Burials also consume a large amount of energy and resources, and take up much more space than a cremation. They can also result in the discharge of hazardous substances to groundwater. This could help to explain why the current figure of those choosing cremation over burial is sitting at 77.05%


Adding Flexibility To A Service

Many choose a burial option because they want to ensure a traditional funeral service, but many aren’t aware that this can also take place with a cremation. By including a reception and viewing service alongside a cremation, this can allow a time for closure, but offers more time for funeral arrangements to be made, thus providing more flexibility.

A cremation provides families and friends with more time to decide what they wish to do with the ashes once the body has been cremated. Not only does this provide a more immediate time for family and friends to focus on their loss and grief, it allows them to do so without having to work out the particulars of a funeral service right away.

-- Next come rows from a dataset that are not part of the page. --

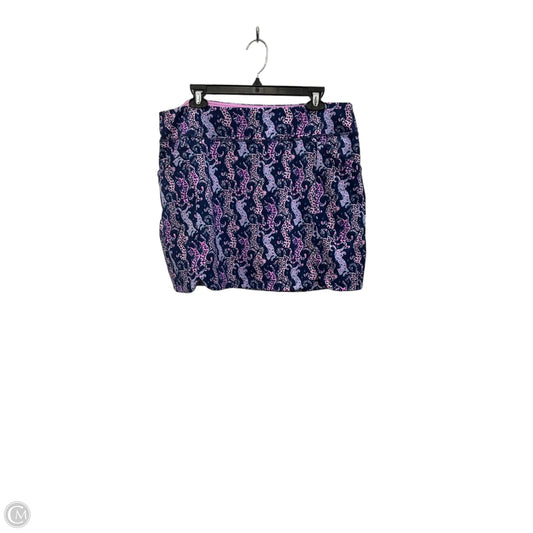 Skort Designer By Lilly Pulitzer In Blue, Size: Xl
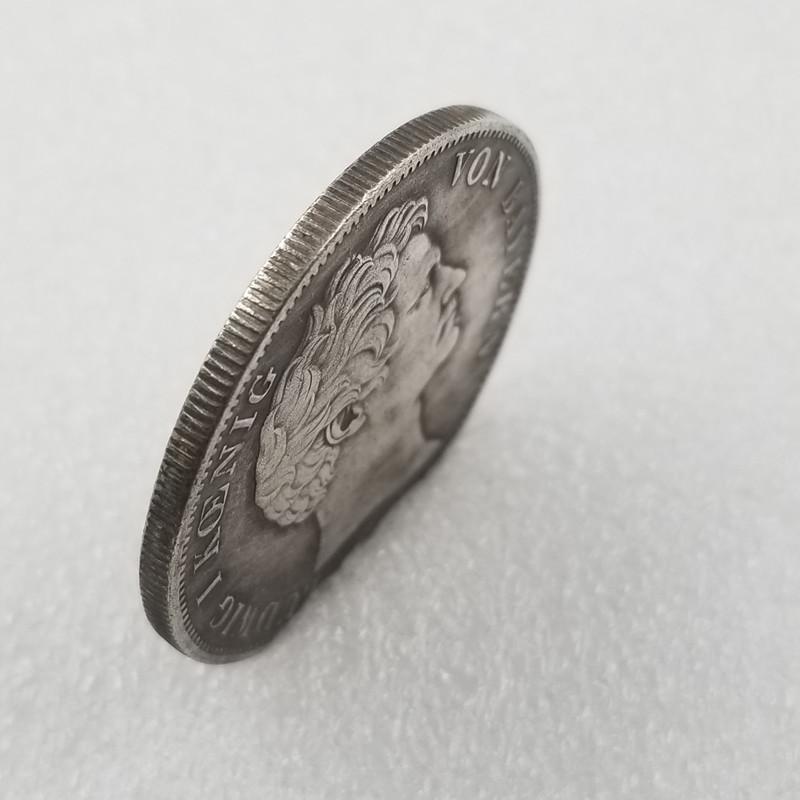 Немецкие памятные коллекционные сувениры 1844 года, серебряные монеты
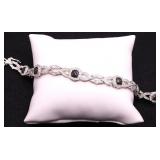 Genuine black diamond bracelet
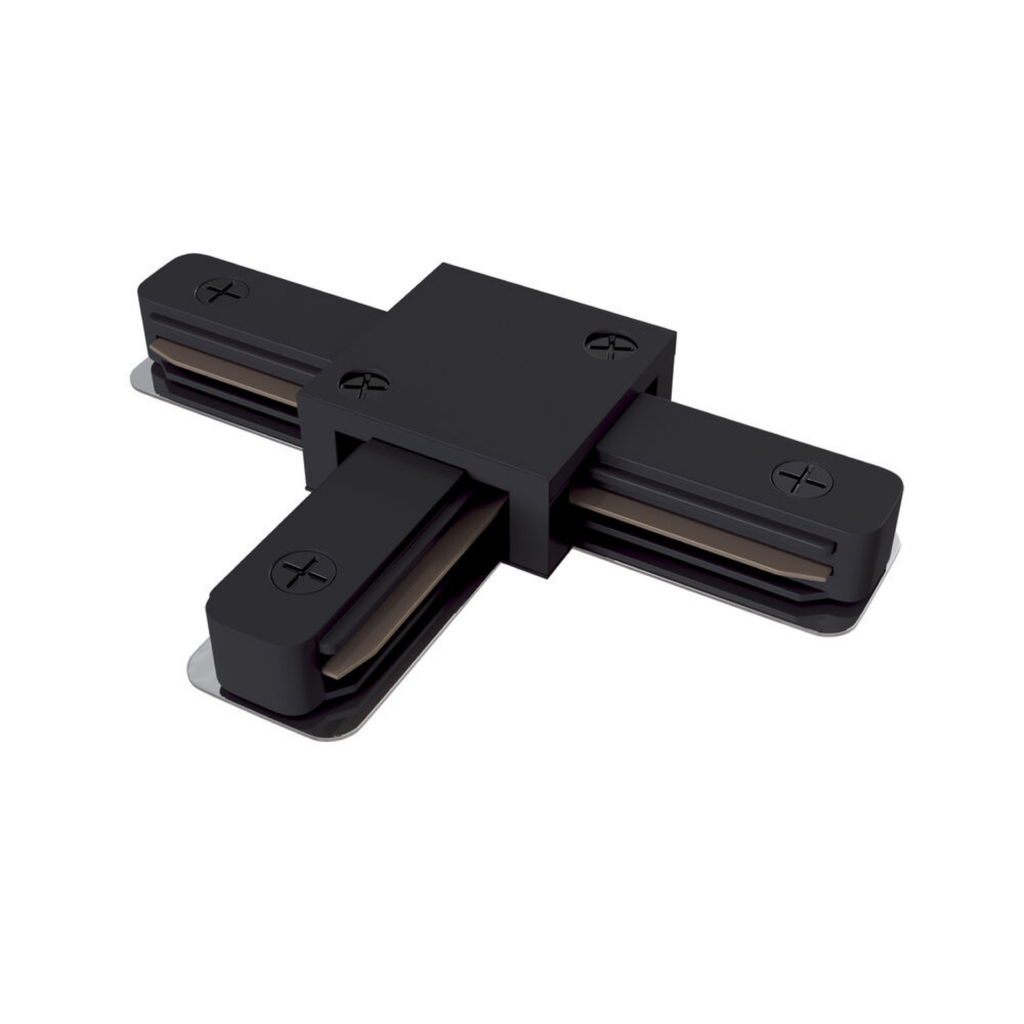 T shape connector track rail sandy black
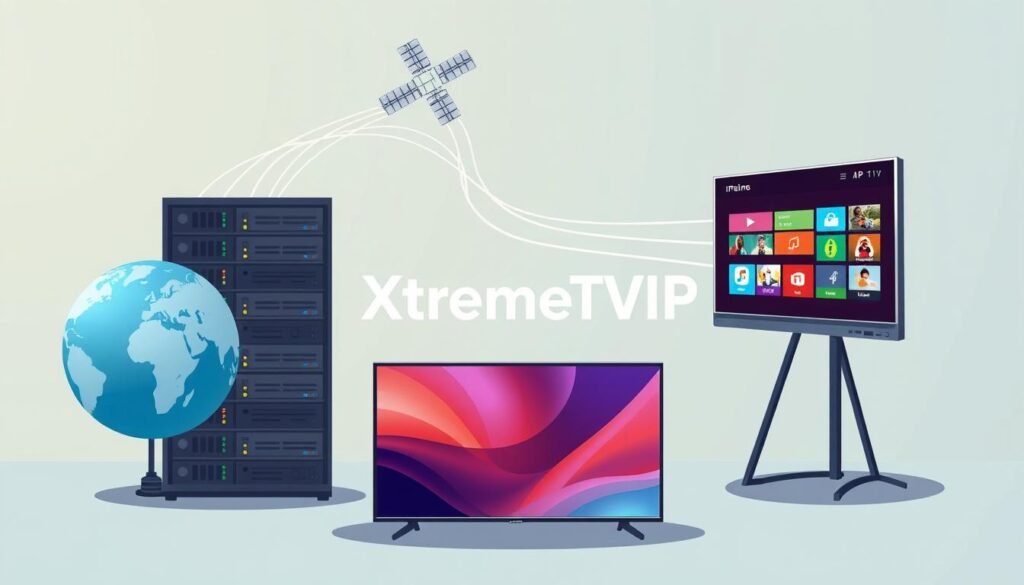 fonctionnement de l'IPTV Application IPTV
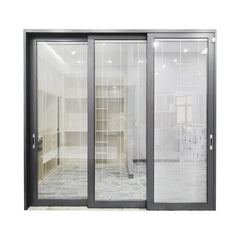 Sliding Glass Doors With Built In Blinds/Exterior Aluminum Louver Sliding Door on China WDMA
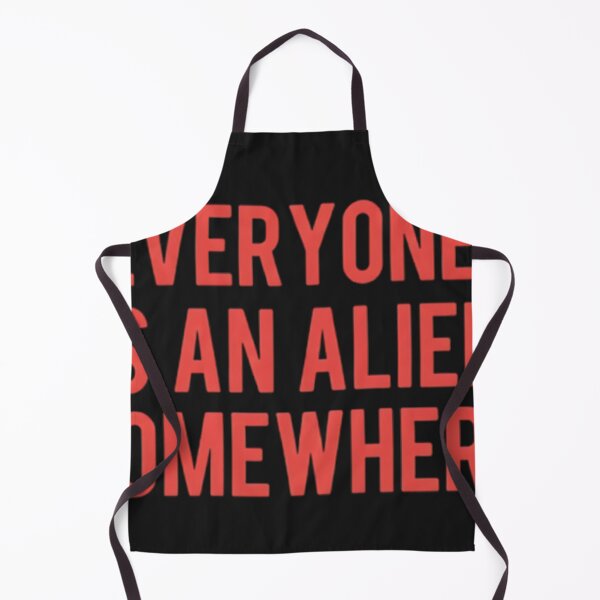 Item preview, Everyone Is an Alien Somewhere – Minimalist Quote Design designed and sold by goodmanirm.
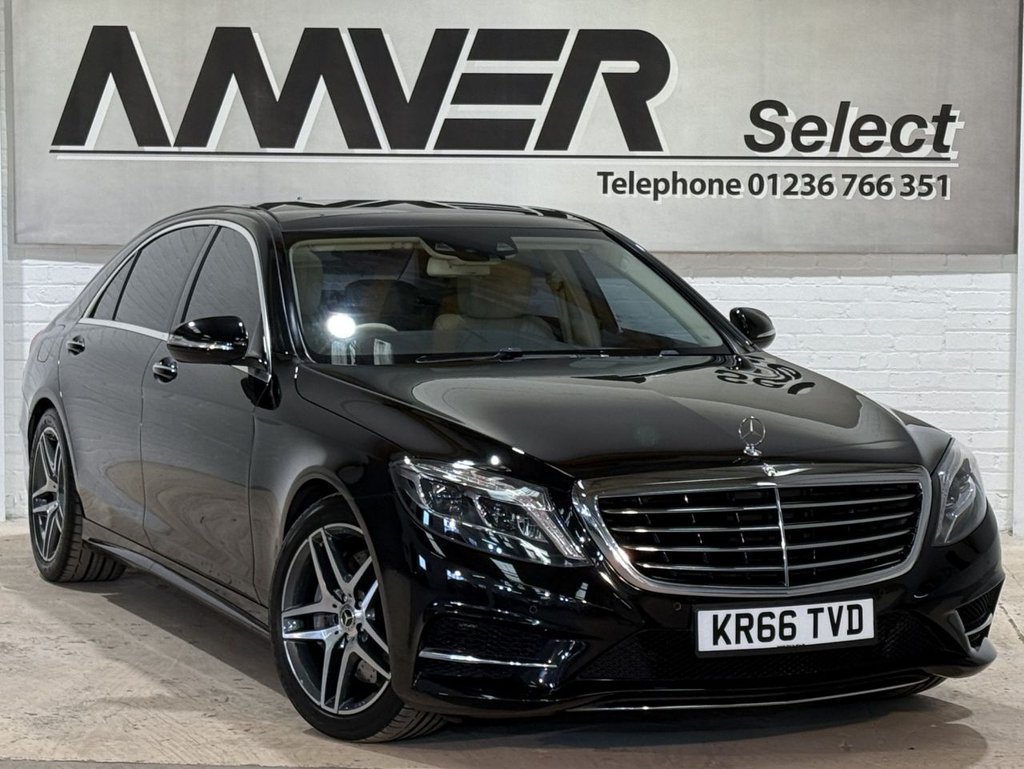 USED 2016 66 MERCEDES-BENZ S-CLASS 3.0 S350Ld V6 AMG Line Saloon 4dr Diesel G-Tronic+ Euro 6 (s/s) (258 ps) 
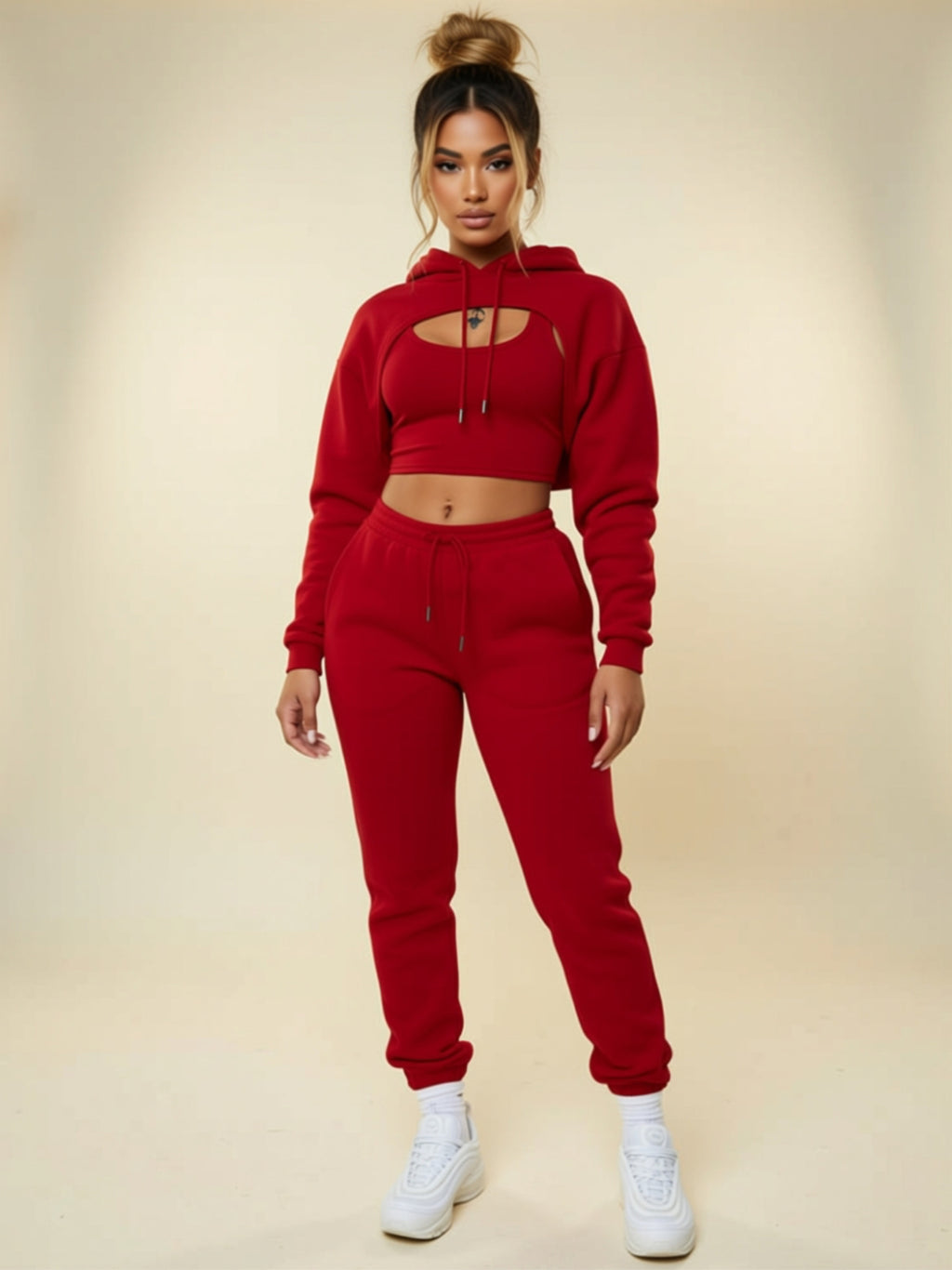 Hooded 3‑Piece Lounge Set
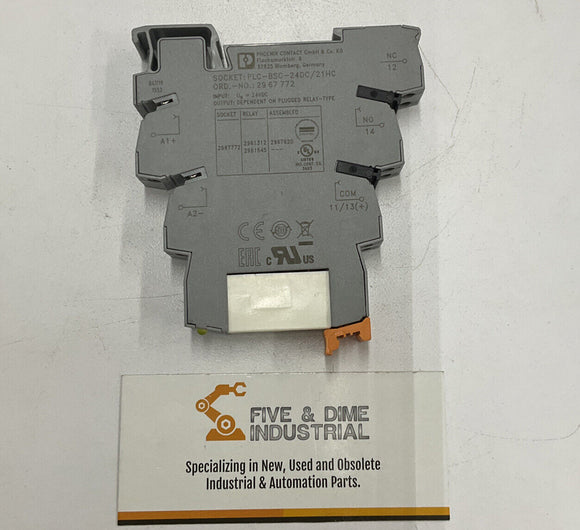 Phoenix Contact 29-61-312 Relay w/ 25-67-772 Din Socket
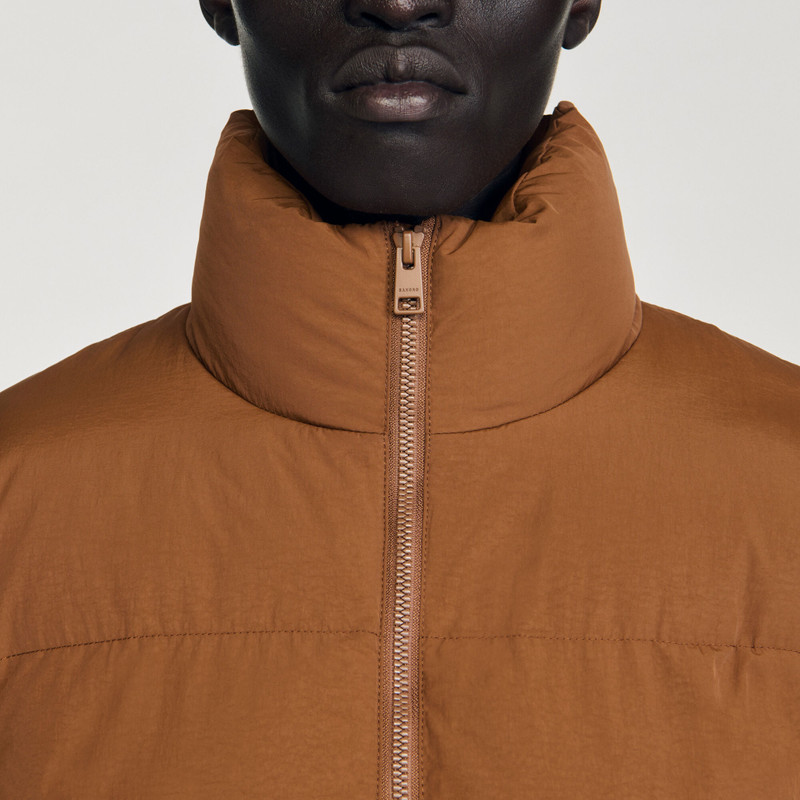 HOODED PUFFER WITH HIGH COLLAR 4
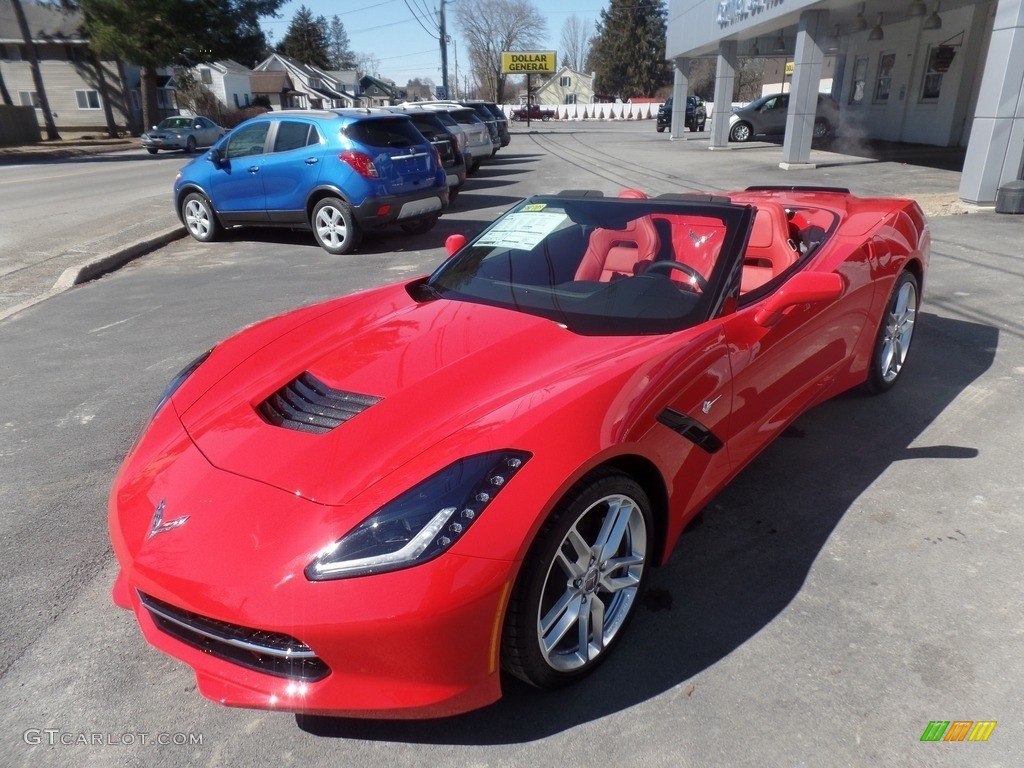 Torch Red 2019 Chevrolet Corvette Stingray Convertible Exterior Photo #126106595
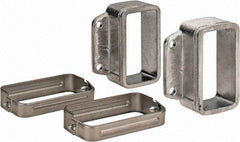 KabelSchlepp - 3.35 Inch Outside Width x 3.35 Inch Outside Height, Cable and Hose Carrier Stainless Steel Tube Mounting Bracket Set - 3.98 Inch Bend Radius, 2.87 Inch Inside Width x 1-1/2 Inch Inside Height - Apex Tool & Supply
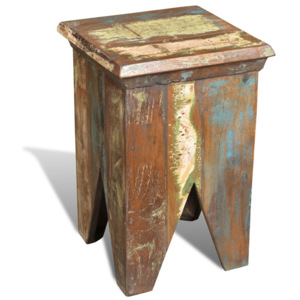 Scaun vintage din lemn de reciclat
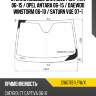 Стекло лобовое chevrolet captiva 06-15  xyg dw01761 lfw/x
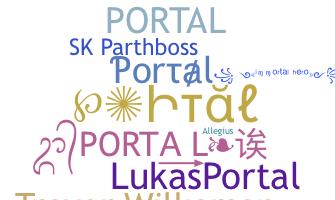 Přezdívka - Portal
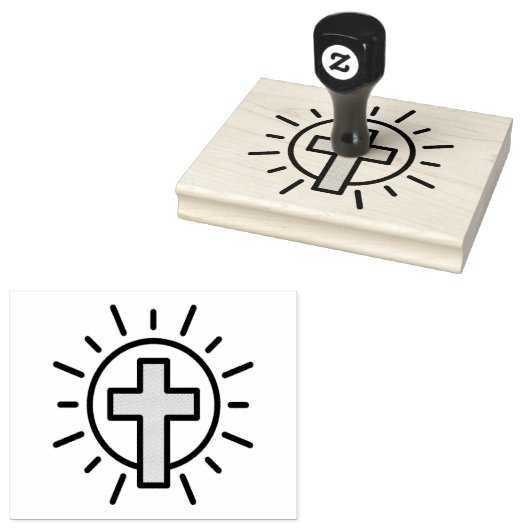 Tampons Encreurs Croix chrétienne simple (Tamponné)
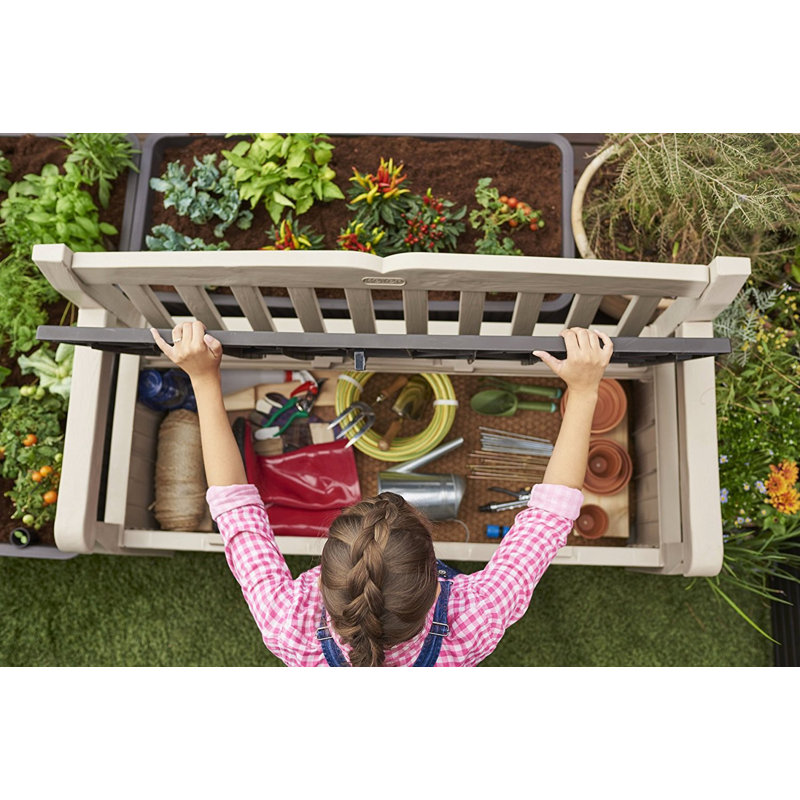 Keter Eden 265L Storage Bench, Beige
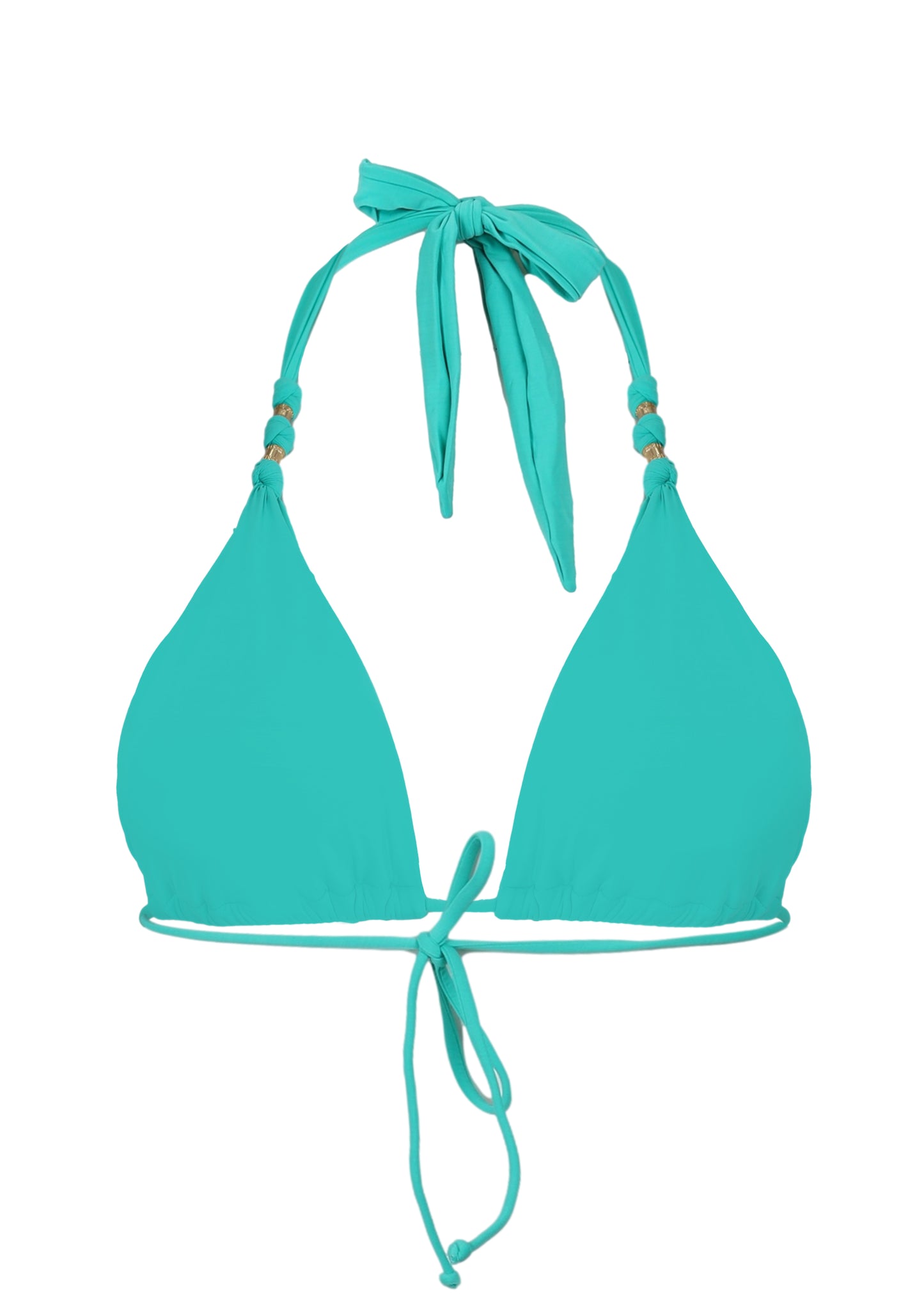 Load image into Gallery viewer, Solid Paula Bikini Top Light Green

You Can Decide What To Do With The Ashes

A cremation can provide a much more personalised way to remember the departed. The ashes can be transported and scattered in an area that means something special, such as a spot on the seabed or in a memorial garden. They can also be placed in an urn or container and kept in a place of importance for the bereaved, also allowing for them to be transported when necessary.

The ashes of a loved one can also be shared between family members. Some wish to remember their dearest by creating beautiful pieces of keepsake jewellery, or cremation art. You can even choose to create spectacular sky displays, with fireworks made from cremation ashes.